Algo que sí comparten las naciones sin un Estado propio es una búsqueda constante por hacer respetar sus derechos desde que fueron colonizados por otros pueblos. Aunque los indígenas y sus descendientes no seamos una raza diferente (como se pensó durante mucho tiempo), sí somos comunidades históricamente racializadas, es decir, que hemos sufrido un trato diferente y discriminatorio según ese pensamiento que distingue a las personas por su color de piel o la lengua que habla. Es curioso (y desconcertante) cómo es que, aunque los indígenas de Bolivia no compartan textiles o danzas con los de Canadá, sí pueden hablar de experiencias comunes de racismo e impunidad.

¿De qué hablan las cineastas de los pueblos indígenas? Aunque los temas que se abordan desde cada comunidad tengan sus particularidades culturales, uno de los tópicos constantes es el de la violencia. Los productos audiovisuales tienen la facultad de hablar de las obsesiones y preocupaciones de las personas que las crean en un momento histórico determinado y, en ese sentido, los festivales de cine funcionan como escaparate de esos pensamientos. Esta edición de Sundance ofreció un breve muestrario de cine de ficción, documentales y series que hablan sobre la resistencia de los pueblos nativos y su incesante reclamo ante las injusticias que continúan sufriendo.

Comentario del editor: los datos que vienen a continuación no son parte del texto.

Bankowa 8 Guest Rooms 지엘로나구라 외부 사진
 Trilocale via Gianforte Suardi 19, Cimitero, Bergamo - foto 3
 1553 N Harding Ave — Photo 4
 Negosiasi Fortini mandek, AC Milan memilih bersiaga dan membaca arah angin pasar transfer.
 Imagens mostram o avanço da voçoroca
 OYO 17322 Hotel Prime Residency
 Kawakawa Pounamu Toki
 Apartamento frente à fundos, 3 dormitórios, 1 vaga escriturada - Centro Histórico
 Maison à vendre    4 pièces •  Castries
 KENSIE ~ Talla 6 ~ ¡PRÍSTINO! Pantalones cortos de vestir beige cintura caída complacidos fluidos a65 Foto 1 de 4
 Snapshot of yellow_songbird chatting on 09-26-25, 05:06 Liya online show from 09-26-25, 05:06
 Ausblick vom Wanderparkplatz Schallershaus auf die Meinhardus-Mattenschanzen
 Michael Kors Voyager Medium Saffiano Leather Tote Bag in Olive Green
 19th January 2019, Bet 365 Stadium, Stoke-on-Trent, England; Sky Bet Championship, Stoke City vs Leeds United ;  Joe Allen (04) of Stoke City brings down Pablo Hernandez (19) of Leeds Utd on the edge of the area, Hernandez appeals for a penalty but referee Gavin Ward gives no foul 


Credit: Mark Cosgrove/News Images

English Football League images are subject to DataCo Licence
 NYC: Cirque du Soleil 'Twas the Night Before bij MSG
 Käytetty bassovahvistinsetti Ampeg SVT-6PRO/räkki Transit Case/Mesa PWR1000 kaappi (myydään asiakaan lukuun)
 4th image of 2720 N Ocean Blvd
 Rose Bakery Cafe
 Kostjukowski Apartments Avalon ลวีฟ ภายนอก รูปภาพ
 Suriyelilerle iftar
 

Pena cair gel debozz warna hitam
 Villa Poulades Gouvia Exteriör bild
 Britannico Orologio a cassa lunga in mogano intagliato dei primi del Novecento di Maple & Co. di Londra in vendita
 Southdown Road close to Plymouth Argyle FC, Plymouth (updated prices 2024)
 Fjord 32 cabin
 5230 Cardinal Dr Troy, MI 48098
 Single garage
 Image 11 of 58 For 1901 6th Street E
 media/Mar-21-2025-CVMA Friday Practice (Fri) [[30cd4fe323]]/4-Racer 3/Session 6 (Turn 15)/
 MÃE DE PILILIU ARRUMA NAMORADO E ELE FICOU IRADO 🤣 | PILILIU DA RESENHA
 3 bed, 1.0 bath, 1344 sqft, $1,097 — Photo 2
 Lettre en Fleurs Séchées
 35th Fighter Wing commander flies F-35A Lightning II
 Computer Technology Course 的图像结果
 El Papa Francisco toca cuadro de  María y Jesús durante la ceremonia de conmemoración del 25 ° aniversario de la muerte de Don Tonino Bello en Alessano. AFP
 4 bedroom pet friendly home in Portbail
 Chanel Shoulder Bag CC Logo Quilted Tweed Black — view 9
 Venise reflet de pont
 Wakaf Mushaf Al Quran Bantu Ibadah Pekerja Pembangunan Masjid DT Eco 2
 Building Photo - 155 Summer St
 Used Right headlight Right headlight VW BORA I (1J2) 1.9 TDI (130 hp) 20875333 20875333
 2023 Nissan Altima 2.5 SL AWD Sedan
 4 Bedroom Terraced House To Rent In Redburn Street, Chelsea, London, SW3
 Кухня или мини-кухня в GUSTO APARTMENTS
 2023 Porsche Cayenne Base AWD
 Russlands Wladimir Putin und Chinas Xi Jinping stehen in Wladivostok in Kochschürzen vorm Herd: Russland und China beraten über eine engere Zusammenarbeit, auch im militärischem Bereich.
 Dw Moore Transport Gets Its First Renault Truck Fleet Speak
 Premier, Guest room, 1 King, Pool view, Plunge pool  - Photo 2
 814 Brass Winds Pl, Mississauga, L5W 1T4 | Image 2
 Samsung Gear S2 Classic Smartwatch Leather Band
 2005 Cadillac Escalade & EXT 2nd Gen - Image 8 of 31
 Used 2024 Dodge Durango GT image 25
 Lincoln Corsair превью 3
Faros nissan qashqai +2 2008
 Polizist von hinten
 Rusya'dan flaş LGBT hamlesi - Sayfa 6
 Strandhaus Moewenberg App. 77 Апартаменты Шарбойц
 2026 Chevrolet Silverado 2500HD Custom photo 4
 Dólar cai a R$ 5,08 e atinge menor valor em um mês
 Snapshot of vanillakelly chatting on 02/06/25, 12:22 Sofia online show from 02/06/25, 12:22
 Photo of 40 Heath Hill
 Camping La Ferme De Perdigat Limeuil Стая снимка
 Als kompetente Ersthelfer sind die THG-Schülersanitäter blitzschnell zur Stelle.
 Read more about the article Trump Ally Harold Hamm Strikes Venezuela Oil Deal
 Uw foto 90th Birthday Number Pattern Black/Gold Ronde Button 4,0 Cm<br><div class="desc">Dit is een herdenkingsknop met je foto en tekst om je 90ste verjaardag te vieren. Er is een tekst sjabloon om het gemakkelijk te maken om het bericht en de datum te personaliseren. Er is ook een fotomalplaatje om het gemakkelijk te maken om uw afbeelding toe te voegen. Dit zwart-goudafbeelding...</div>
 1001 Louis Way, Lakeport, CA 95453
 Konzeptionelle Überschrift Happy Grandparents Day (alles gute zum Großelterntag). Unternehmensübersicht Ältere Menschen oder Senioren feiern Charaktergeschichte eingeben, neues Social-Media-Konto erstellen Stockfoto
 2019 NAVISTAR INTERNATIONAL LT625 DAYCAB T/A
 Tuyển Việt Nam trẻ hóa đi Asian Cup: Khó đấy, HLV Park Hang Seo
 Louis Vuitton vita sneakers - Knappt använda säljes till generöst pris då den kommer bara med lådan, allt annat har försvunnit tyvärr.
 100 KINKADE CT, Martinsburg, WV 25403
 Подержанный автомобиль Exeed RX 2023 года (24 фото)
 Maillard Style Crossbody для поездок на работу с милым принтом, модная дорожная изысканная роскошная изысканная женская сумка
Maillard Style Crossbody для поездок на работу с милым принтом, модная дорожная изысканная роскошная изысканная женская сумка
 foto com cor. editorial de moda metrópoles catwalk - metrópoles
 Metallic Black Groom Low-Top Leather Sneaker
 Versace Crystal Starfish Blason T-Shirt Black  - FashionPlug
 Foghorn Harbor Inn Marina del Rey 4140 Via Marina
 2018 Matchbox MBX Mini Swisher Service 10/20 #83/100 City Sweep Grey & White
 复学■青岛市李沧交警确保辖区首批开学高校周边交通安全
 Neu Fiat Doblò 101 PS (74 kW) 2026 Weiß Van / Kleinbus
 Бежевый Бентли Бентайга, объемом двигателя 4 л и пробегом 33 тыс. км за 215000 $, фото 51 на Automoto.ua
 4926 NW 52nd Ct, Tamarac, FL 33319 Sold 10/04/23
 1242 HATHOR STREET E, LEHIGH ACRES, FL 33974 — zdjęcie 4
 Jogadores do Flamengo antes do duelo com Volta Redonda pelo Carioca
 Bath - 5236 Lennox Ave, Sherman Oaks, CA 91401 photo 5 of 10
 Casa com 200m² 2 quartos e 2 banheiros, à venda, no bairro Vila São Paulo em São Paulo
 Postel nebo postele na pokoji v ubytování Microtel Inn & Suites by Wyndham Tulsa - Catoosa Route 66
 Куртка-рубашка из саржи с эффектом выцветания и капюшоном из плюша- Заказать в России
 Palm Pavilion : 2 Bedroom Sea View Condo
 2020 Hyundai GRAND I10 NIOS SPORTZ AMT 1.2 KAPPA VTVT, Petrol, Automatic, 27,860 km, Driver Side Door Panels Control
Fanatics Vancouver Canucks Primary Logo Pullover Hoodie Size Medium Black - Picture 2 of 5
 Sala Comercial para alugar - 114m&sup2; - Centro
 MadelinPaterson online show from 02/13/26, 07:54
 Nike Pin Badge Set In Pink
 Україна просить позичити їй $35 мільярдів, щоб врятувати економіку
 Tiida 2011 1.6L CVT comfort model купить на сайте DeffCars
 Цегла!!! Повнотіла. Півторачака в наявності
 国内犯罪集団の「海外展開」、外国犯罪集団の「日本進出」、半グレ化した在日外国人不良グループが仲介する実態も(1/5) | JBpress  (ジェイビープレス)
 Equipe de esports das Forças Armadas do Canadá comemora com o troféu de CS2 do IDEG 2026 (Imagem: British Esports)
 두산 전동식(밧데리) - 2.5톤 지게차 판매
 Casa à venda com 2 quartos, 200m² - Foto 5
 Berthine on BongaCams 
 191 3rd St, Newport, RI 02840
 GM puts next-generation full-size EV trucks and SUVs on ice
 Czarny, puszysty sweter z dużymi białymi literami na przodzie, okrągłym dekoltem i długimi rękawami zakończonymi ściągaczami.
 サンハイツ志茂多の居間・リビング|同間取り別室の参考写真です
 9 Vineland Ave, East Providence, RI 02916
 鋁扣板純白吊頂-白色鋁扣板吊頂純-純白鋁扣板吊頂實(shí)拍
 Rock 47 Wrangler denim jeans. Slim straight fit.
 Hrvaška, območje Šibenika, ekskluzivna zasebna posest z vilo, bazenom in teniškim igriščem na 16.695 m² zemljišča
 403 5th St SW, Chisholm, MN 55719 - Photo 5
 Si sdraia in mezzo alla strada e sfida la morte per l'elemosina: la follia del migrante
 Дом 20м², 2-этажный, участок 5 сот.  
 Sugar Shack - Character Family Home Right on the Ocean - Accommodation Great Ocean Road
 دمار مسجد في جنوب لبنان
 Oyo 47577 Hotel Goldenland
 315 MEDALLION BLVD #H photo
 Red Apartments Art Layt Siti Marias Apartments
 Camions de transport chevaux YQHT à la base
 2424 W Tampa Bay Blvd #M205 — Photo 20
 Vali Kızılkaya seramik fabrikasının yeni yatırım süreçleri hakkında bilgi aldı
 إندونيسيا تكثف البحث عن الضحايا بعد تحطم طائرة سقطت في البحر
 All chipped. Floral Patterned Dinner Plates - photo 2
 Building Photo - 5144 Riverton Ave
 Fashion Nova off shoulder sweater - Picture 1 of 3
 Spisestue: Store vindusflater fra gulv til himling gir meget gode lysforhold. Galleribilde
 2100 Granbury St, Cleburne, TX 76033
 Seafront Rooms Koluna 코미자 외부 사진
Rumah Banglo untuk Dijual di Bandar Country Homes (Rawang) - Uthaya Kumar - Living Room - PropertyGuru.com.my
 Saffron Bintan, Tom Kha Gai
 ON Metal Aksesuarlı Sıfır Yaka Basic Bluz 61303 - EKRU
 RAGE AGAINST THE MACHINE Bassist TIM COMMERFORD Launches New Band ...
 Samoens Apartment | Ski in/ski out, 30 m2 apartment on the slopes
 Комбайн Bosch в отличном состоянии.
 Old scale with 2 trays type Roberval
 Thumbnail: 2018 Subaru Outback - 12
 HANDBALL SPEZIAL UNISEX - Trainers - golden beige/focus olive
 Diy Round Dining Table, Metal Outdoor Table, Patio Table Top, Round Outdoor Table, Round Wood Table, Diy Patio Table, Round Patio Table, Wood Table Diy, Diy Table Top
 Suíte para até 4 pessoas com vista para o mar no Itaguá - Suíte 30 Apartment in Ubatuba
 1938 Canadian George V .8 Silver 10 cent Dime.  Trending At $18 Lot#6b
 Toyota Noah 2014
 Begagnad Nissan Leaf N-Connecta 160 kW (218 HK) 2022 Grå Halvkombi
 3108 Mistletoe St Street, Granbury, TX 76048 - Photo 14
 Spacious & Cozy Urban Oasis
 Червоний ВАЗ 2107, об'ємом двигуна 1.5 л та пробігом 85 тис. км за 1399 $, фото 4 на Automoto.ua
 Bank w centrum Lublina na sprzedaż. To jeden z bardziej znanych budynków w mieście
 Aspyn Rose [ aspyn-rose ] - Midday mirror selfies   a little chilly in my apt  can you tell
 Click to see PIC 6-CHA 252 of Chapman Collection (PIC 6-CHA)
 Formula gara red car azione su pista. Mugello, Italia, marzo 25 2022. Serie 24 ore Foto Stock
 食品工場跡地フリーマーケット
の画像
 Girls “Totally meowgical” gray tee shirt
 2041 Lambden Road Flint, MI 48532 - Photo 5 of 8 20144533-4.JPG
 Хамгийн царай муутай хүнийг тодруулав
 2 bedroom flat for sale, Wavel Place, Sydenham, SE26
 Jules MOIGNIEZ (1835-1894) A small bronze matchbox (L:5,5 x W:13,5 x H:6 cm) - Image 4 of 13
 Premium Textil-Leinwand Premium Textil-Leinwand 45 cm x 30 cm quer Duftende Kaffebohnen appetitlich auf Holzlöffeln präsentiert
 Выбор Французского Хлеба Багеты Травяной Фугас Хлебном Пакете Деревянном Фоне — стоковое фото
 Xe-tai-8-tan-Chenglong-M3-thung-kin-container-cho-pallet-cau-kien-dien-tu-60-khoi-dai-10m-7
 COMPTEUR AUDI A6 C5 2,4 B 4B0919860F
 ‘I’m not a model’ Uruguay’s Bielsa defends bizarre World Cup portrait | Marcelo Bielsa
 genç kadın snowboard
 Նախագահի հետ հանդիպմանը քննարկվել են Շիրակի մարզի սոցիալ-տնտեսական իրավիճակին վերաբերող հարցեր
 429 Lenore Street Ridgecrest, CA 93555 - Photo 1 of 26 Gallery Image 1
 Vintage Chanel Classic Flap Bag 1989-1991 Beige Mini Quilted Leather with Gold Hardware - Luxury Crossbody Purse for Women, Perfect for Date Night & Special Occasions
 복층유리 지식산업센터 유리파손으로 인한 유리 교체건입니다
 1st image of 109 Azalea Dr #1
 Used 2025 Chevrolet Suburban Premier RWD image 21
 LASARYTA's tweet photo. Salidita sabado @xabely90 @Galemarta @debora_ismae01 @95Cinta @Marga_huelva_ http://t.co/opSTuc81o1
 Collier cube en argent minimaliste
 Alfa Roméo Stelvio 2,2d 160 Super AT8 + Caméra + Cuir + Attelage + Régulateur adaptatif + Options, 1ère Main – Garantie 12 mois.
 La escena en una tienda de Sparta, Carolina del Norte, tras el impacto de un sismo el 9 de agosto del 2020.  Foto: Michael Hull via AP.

Si en México vemos que las cintas sobre mujeres desaparecidas son cada vez más frecuentes, es porque se trata de una herida abierta en el país. Pero no estamos solas; esta problemática es una que aqueja también a las mujeres de las comunidades nativas de Estados Unidos. La serie documental Murder in Big Horn y la película Fancy Dance, presentadas en Sundance, son testigos de esa preocupación compartida por las cineastas mexicanas y las directoras nativoamericanas. Es alarmante lo cercanas que resultan las historias de adolescentes y mujeres que, de un día a otro, ya no están, y la frustración común ante la indiferencia de quienes deberían esclarecer esos casos.

¿De qué hablan los temores de las mujeres en ambos lados de la frontera? ¿De qué está hecha la rabia de las mujeres racializadas? Ante el olvido y el desinterés de los Estados, que el cine ayude a preservar la memoria. Ante el desdén, son series y películas como estas las que, por medio de un compendio informativo o una historia sensible, procuran apelar al recuerdo de las mujeres que son arrebatadas y quizá así convocar alguna forma de justicia.

Murder in Big Horn (Razelle Benally y Matthew Galkin)

Esta miniserie arroja luz sobre las desapariciones y feminicidios de mujeres nativas de las etnias crow y cheyene en un condado de Montana, así como el desinterés de las autoridades por resolver estos casos. 

“Para nosotros estas no son historias de true crime, son nuestras familiares”, expresa una de las entrevistadas. Sin embargo, en el terreno audiovisual Murder in Big Horn construye sus episodios utilizando todos los rasgos típicos de los programas de crímenes: un diseño sonoro que agudiza la tensión, fragmentos de periódicos o entrevistas a testigos como cabezas parlantes. Aunque en lo formal no se presenten encuadres o movimientos de cámara innovadores, sí es disruptivo que las protagonistas de las búsquedas de estos capítulos sean mujeres nativas. Pero esto no es C.S.I. ni La ley y el orden, pues para ellas no se realizan investigaciones minuciosas. Los casos de estas mujeres se zanjan en explicaciones tan ridículas como indignantes que insisten en revictimizarlas y culparlas de sus propias muertes. Si aquí el feminicidio de Lesvy Berlín se explicó inicialmente como un suicidio imposible o el ataque con ácido a la saxofonista de origen mixteco Elena Ríos se quiera reducir a crimen “pasional”, allá se declara que la hipotermia es la culpable de las pérdidas de mujeres cuyos cuerpos aparecen de pronto en terrenos o caminos.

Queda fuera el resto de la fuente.